Assessed coursework 2
ST231 Linear Statistical Modelling with R
Deadline: 11 March 2024, 1 pm
Please read these instructions carefully!
This assignment counts for 20% of your final module mark. The maximum score for this coursework is 50 marks. As before you are expected to produce a report in R Markdown and then submit is as a pdf file. Note that you should not use the RStudio viewer to print the file to pdf!!! Instead knit your .Rmd file and then you will find the pdf file is produced in the same directory in which the .Rmd file is located. This is the file that you should upload. The penalty for late submission of the pdf file is a zero mark.
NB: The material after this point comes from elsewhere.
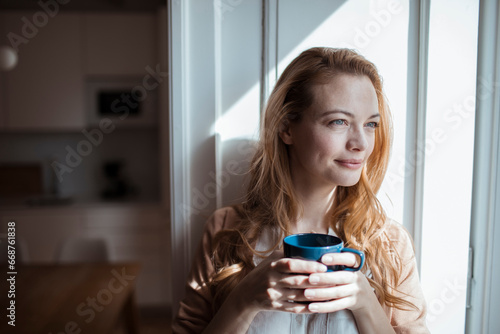 Young woman looking out the window while having coffee at home photo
Your report should be of a professional standard. Imagine you are producing work for a client. It should be presentable and understandable by someone who is familiar with linear models. It is not enough to provide material from which an intelligent person could construct a solution! Instead it is your responsibility to explain your results clearly, correctly and concisely. Make sure to justify your conclusions appropriately. Your answers should be given in full sentences and be relevant to the question. Numerical output should be appropriately rounded and presented in sentences and not as raw R output. Graphs should be of an appropriate size, have clear axes labels (including units of measurement, if appropriate) and legends or captions. 5 marks are allocated for the overall presentation style of the report.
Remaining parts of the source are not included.